Dataset records
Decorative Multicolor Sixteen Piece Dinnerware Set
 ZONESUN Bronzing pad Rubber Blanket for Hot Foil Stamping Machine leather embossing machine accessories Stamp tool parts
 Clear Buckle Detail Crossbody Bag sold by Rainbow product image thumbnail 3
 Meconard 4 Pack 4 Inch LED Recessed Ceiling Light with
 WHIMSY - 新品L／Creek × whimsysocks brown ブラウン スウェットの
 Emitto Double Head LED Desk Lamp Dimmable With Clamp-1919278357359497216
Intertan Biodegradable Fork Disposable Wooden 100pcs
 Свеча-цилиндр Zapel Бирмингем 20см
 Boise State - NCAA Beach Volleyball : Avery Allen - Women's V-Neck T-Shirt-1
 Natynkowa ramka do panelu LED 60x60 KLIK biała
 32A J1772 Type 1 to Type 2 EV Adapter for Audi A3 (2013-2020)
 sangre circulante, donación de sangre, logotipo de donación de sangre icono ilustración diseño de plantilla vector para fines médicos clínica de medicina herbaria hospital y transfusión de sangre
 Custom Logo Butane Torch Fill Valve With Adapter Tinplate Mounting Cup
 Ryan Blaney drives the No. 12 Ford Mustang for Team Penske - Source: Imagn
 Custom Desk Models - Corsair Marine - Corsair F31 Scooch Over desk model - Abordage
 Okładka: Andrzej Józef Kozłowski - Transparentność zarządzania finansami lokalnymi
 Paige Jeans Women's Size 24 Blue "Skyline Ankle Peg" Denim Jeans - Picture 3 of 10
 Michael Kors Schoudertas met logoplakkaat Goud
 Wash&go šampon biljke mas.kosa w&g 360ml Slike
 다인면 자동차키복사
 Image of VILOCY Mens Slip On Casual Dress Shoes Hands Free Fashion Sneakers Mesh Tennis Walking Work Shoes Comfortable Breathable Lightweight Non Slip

Task instructions —
Copy out the lines starting at the one containing "Michael Kors Schoudertas" and ending with the last line of the entries. Include nothing else.

Solution for this exercise —
 Michael Kors Schoudertas met logoplakkaat Goud
 Wash&go šampon biljke mas.kosa w&g 360ml Slike
 다인면 자동차키복사
 Image of VILOCY Mens Slip On Casual Dress Shoes Hands Free Fashion Sneakers Mesh Tennis Walking Work Shoes Comfortable Breathable Lightweight Non Slip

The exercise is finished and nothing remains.